When trying to upgrade a cluster from version 15.2.7 to 15.2.8 the process fails after seeemingly switching over the upgrade process to a newly deployed mgr daemon:

2021-01-19T08:44:59.723616+0000 mgr.iz-ceph-v1-mon-03.ncnoal (mgr.20125479) 315 : cephadm [INF] Upgrade: First pull of docker.io/ceph/ceph:v15.2.8
2021-01-19T08:45:06.056900+0000 mgr.iz-ceph-v1-mon-03.ncnoal (mgr.20125479) 319 : cephadm [INF] Upgrade: Target is docker.io/ceph/ceph:v15.2.8 with id 5553b0cb212ca2aa220d33ba39d9c602c8412ce6c5fe
bc57ef9cdc9c5844b185
2021-01-19T08:45:06.061479+0000 mgr.iz-ceph-v1-mon-03.ncnoal (mgr.20125479) 320 : cephadm [INF] Upgrade: Checking mgr daemons...

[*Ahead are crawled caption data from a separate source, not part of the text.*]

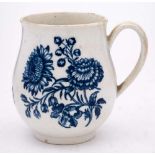 A First Period Worcester blue and white bell-shaped mug: transfer printed with 'The Natural Sprays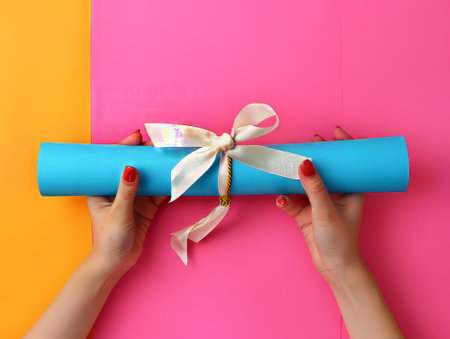 Scroll with red ribbon in hands on backgroundの素材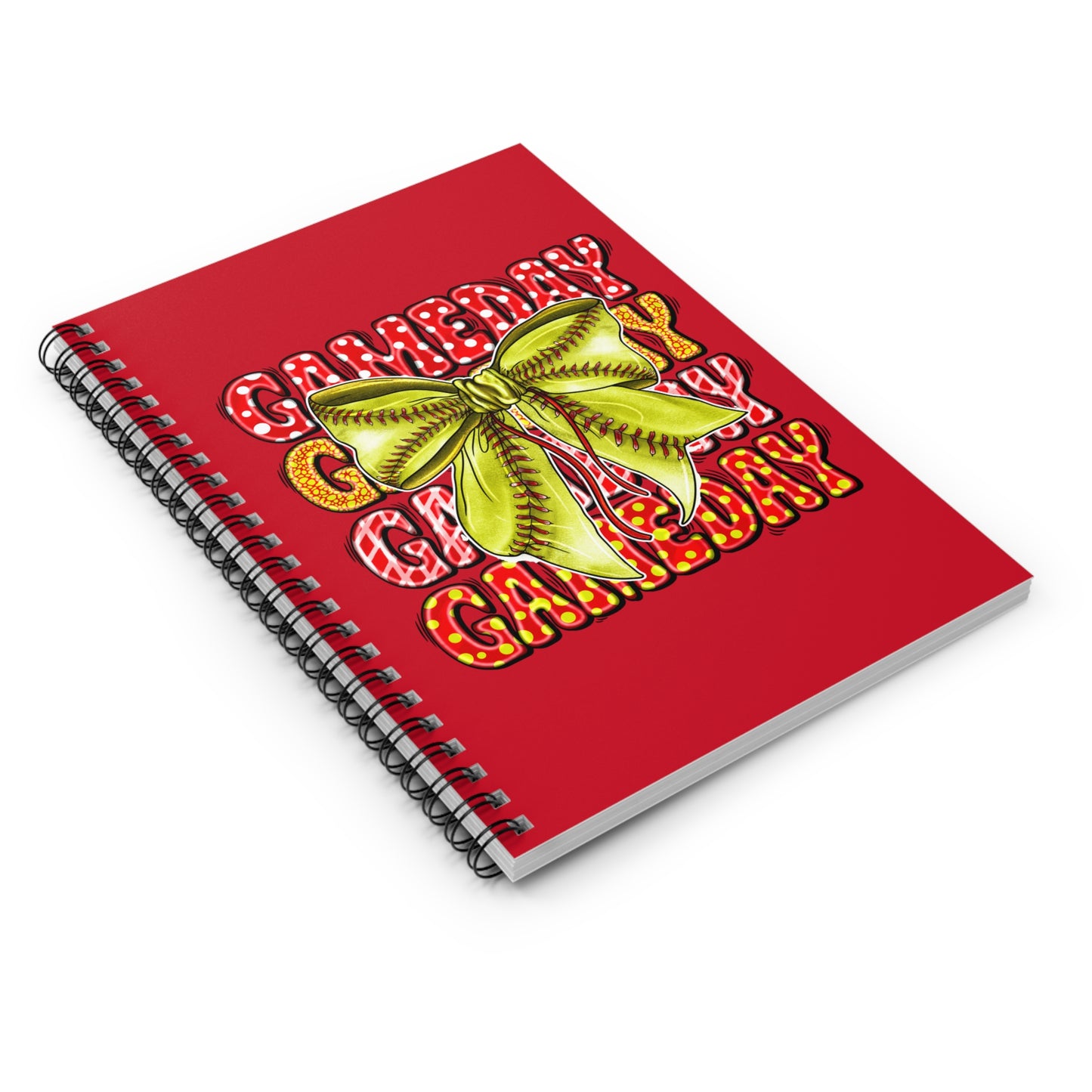 Gameday Cheer Spiral Notebook — 'GAMEDAY' Graphic with Yellow Bow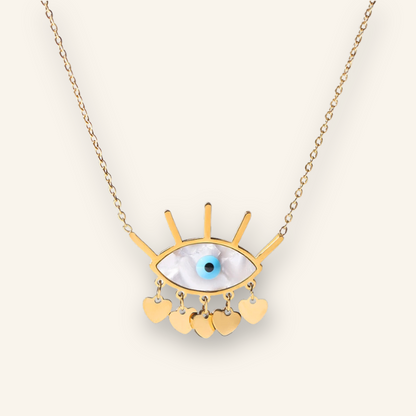 Golden Glow Evil Eye Pendant Necklace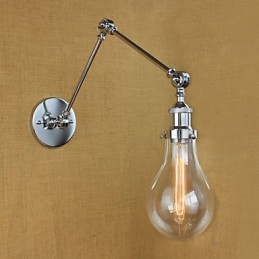 Lámpara de pared retro telescópica de cristal cromado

2021-01-19T08:45:07.284208+0000 mgr.iz-ceph-v1-mon-03.ncnoal (mgr.20125479) 322 : cephadm [INF] It is presumed safe to stop ['mgr.iz-ceph-v1-mon-01.elswai']
2021-01-19T08:45:07.284314+0000 mgr.iz-ceph-v1-mon-03.ncnoal (mgr.20125479) 323 : cephadm [INF] Upgrade: It is presumed safe to stop ['mgr.iz-ceph-v1-mon-01.elswai']

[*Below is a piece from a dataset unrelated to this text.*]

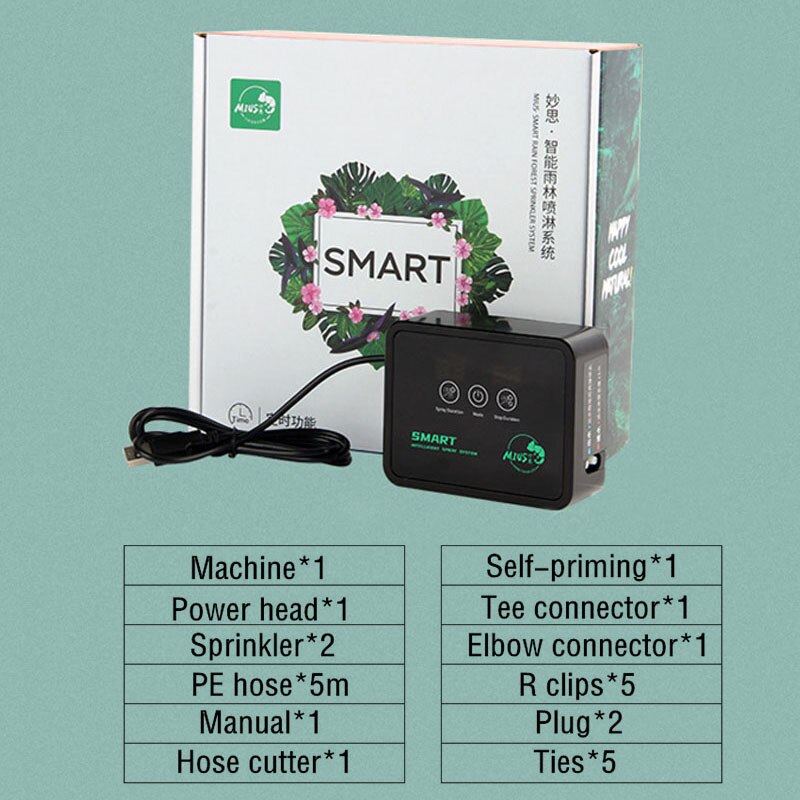 Nebulizador inteligente para reptiles, humidificador electrónico con temporizador, sistema de niebla automático, terrarios con Control de pulverización de agua de selva tropical: With Box
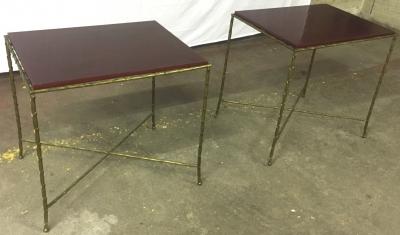 Maison Bagu s Maison Bagues Pair of Gold Bronze Refined Coffee Table with Red Lacquer Top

2021-01-19T08:45:07.284388+0000 mgr.iz-ceph-v1-mon-03.ncnoal (mgr.20125479) 324 : cephadm [INF] Upgrade: Redeploying mgr.iz-ceph-v1-mon-01.elswai
2021-01-19T08:45:07.310192+0000 mgr.iz-ceph-v1-mon-03.ncnoal (mgr.20125479) 325 : cephadm [INF] Deploying daemon mgr.iz-ceph-v1-mon-01.elswai on iz-ceph-v1-mon-01
2021-01-19T08:45:27.812855+0000 mgr.iz-ceph-v1-mon-03.ncnoal (mgr.20125479) 336 : cephadm [INF] Upgrade: Target is docker.io/ceph/ceph:v15.2.8 with id 5553b0cb212ca2aa220d33ba39d9c602c8412ce6c5fe
bc57ef9cdc9c5844b185
2021-01-19T08:45:27.815176+0000 mgr.iz-ceph-v1-mon-03.ncnoal (mgr.20125479) 337 : cephadm [INF] Upgrade: Checking mgr daemons...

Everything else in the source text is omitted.